# WHAT YOU NEED TO DO
Leaving out every picture, copy the lines of the data exactly, from the first through the line containing "Volvo V40 2015".

─── SOURCE INFORMATION

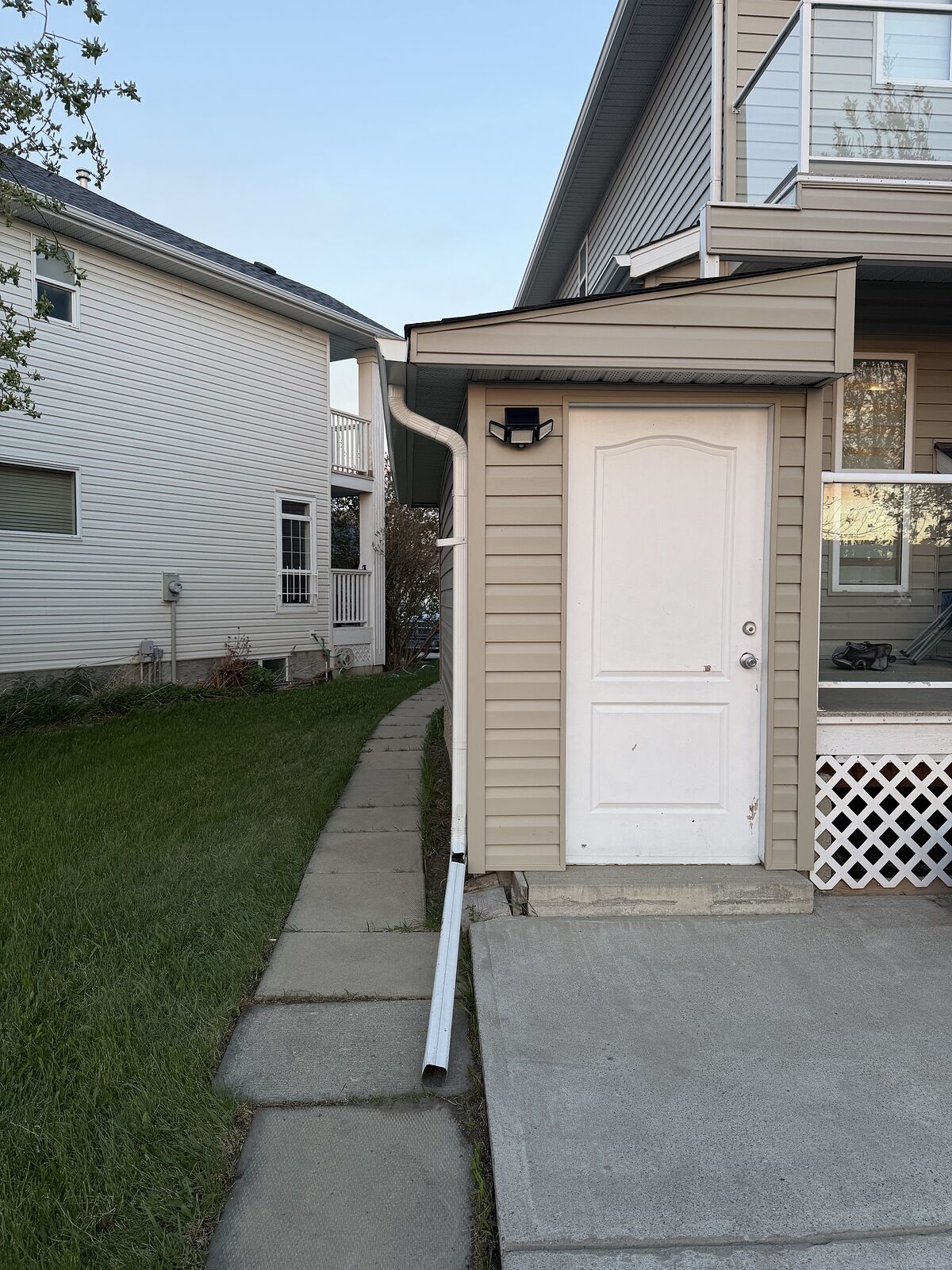 Calgary 2 bedrooms Basement for rent. Property photo: 744052-1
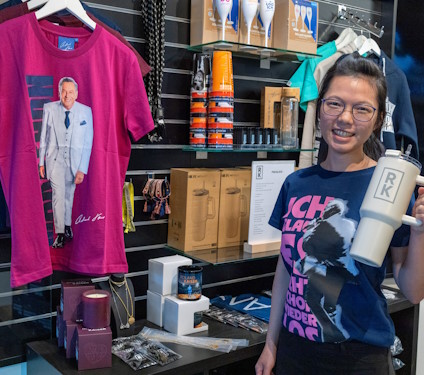 Merchandising Artikel zur Kaiser Mania in der Dresden Information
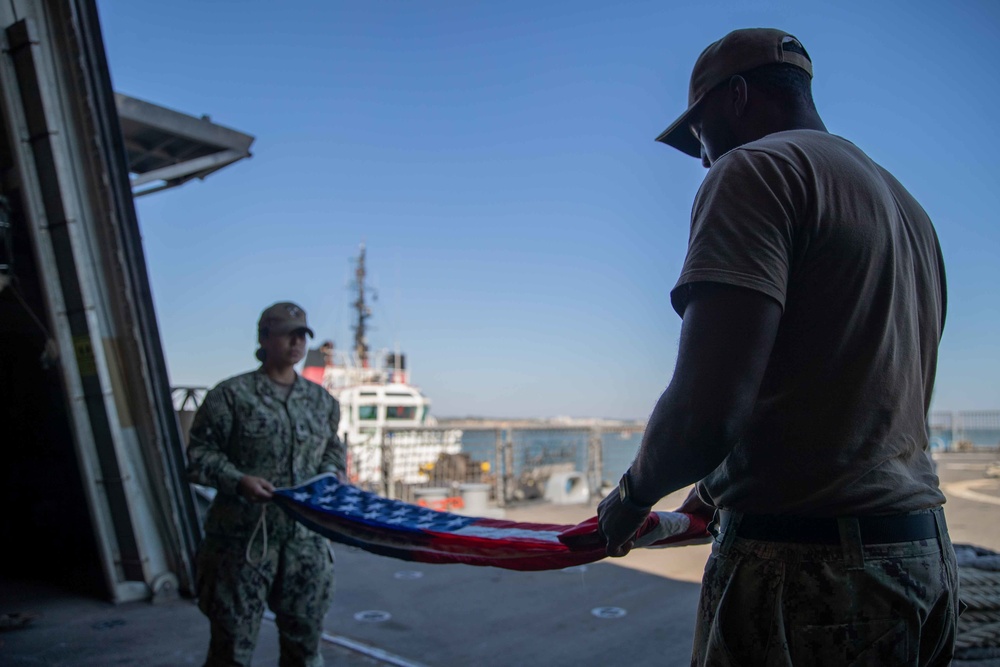 USS Sioux City Refuels in Rota Spain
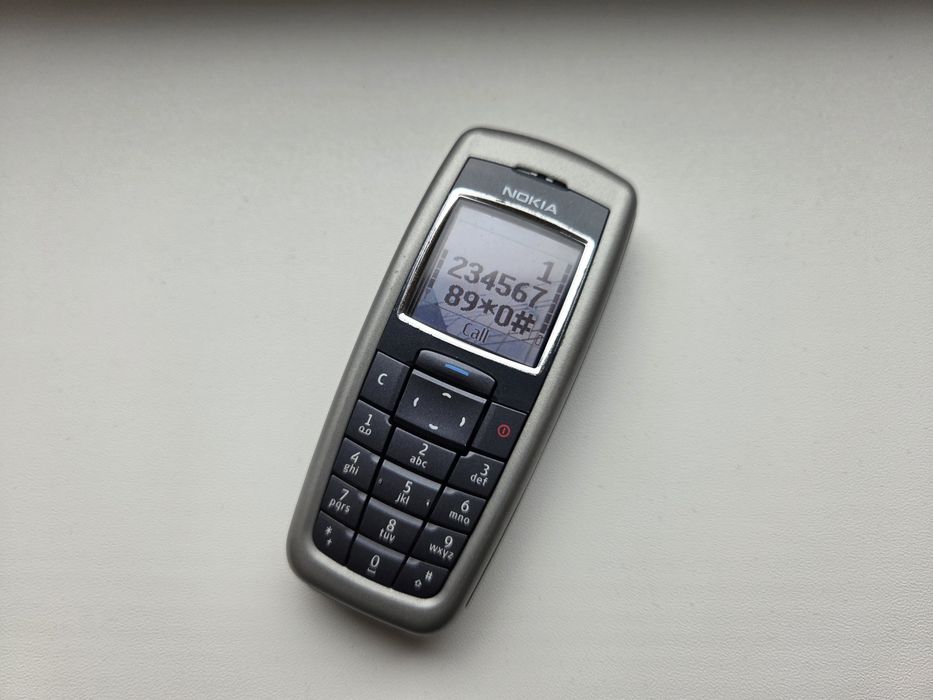 Nokia 2600 - telefon simplu cu butoane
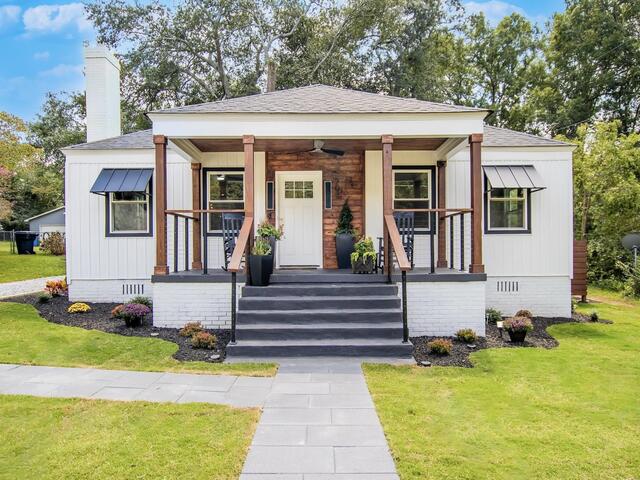 Photo of 207 Mayfield Drive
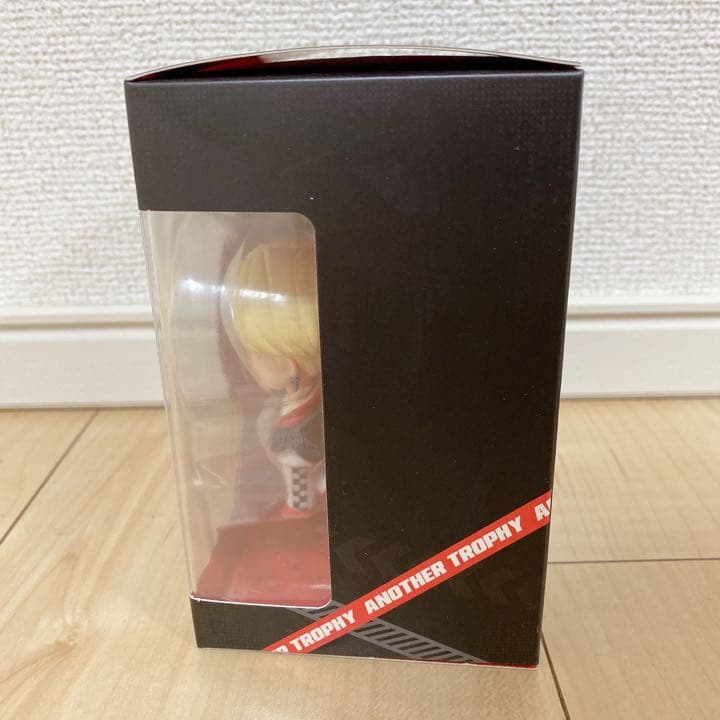 【新品】防弾少年団 BTS TINYTAN MIC DROP FIGURE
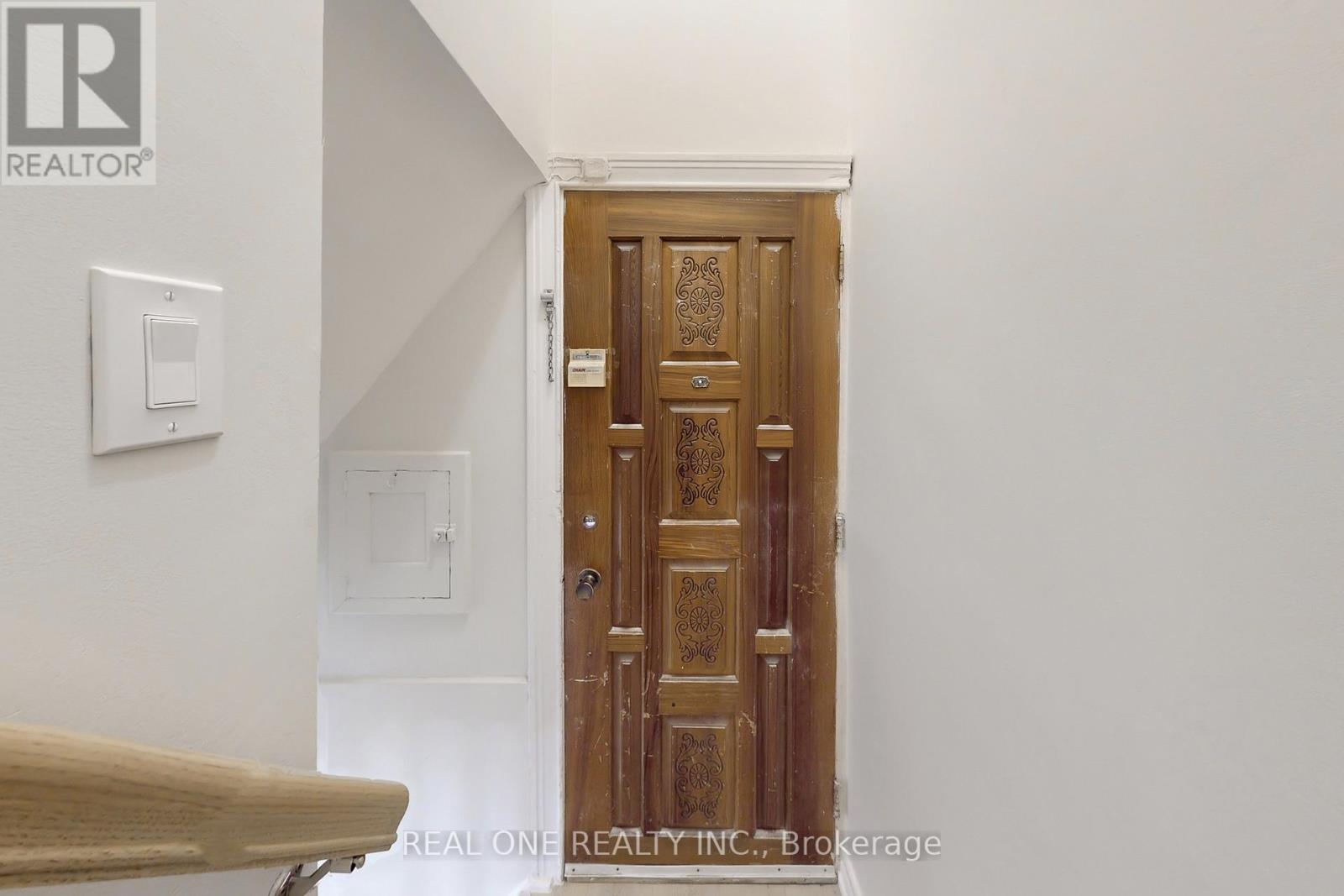 32 Shortt Street, Toronto, Ontario  M6E 3X8 - Photo 19 - W12856046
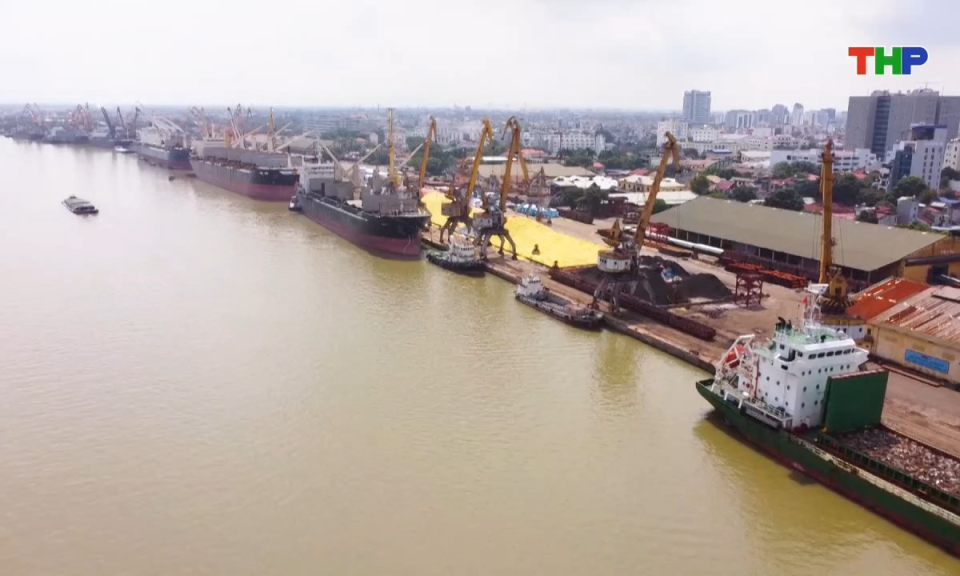 &Acirc;m vang miền cửa biển: Th&agrave;nh phố t&ocirc;i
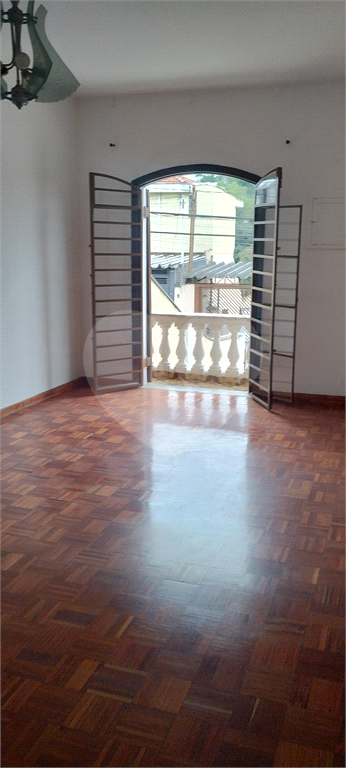 Casa à venda com 3 quartos, 160m² - Foto 11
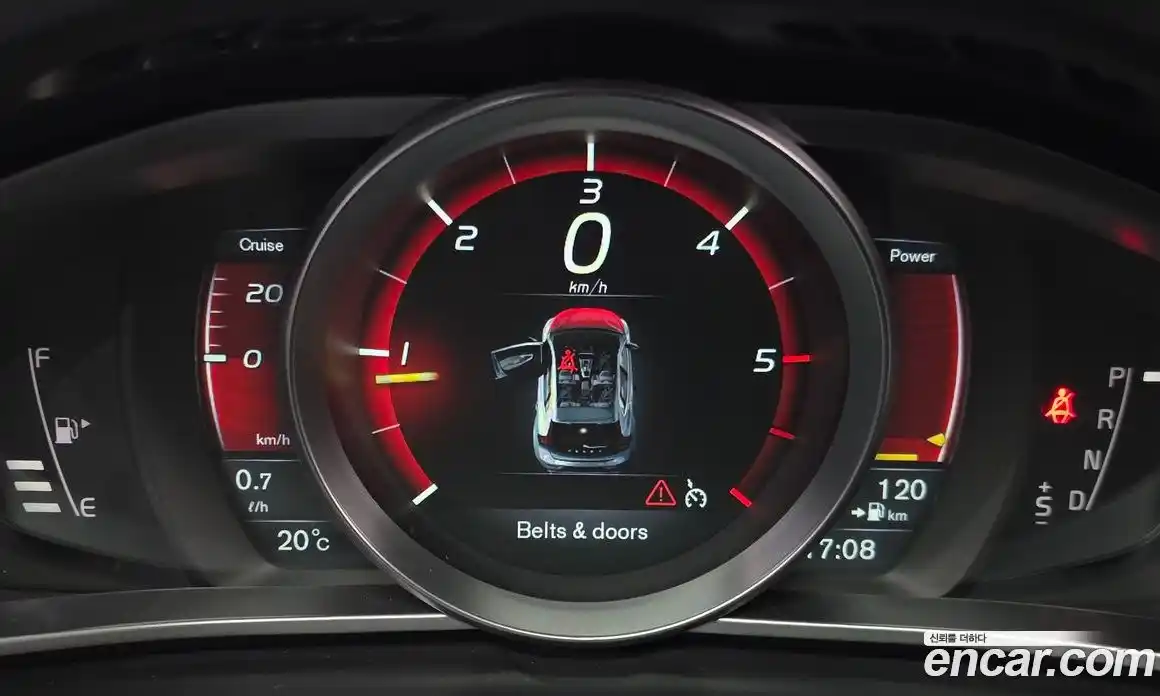 Volvo V40 2015 2.0 гидро в Москве № 1009204, фото 8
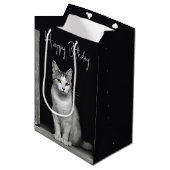 Verjaardag Tabby Kat In Doorway Medium Cadeauzakje (Voorkant Gekanteld)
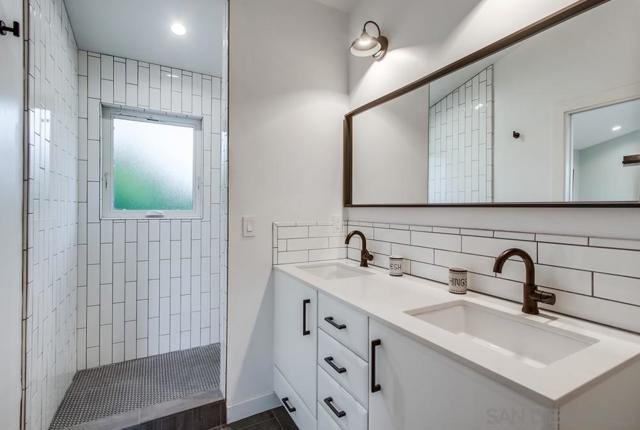 4471 Rolando Blvd, San Diego CA: https://media.crmls.org/mediaz/2c3a9263-945e-406e-a48e-4e66f78d9a33.jpg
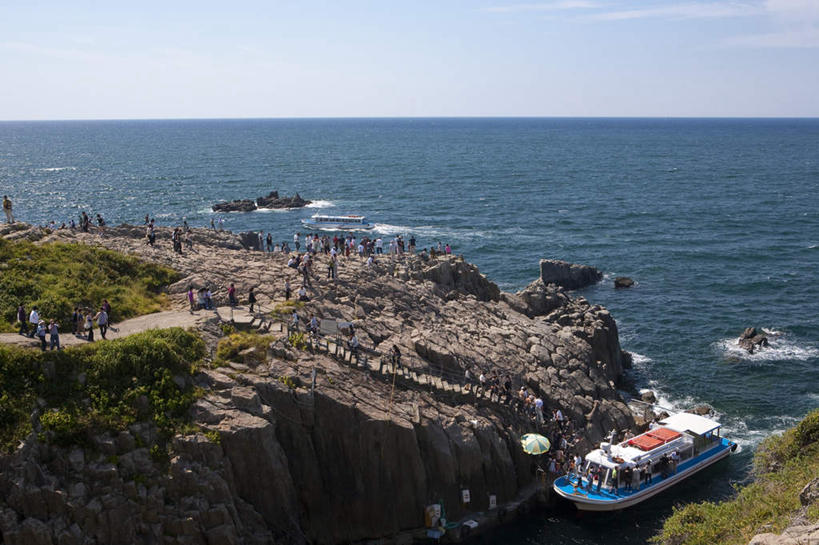 无人,横图,室外,白天,正面,旅游,度假,海浪,海洋,礁石,石头,美景,轮船,船,日本,亚洲,一艘,阴影,光线,石子,影子,景观,浪花,水平线,云,云朵,辽阔,海平线,云彩,娱乐,蓝色,白云,蓝天,天空,阳光,自然,海水,交通工具,天,享受,休闲,广阔,景色,放松,一望无际,自然风光,载具,海景,东亚,本州,本州岛,日本国,中部地方,福井,福井县,无边无际,一马平川,大海,风浪,海,海水的波动,礁,近岸浪,石块,岩石,涌浪,彩图,水天相接,水天一线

──────

# RESPONSE TO THIS EXERCISE
 Calgary 2 bedrooms Basement for rent. Property photo: 744052-1
 Merchandising Artikel zur Kaiser Mania in der Dresden Information
 USS Sioux City Refuels in Rota Spain
 Nokia 2600 - telefon simplu cu butoane
 Photo of 207 Mayfield Drive
 【新品】防弾少年団 BTS TINYTAN MIC DROP FIGURE
 32 Shortt Street, Toronto, Ontario  M6E 3X8 - Photo 19 - W12856046
 &Acirc;m vang miền cửa biển: Th&agrave;nh phố t&ocirc;i
 Casa à venda com 3 quartos, 160m² - Foto 11
 Volvo V40 2015 2.0 гидро в Москве № 1009204, фото 8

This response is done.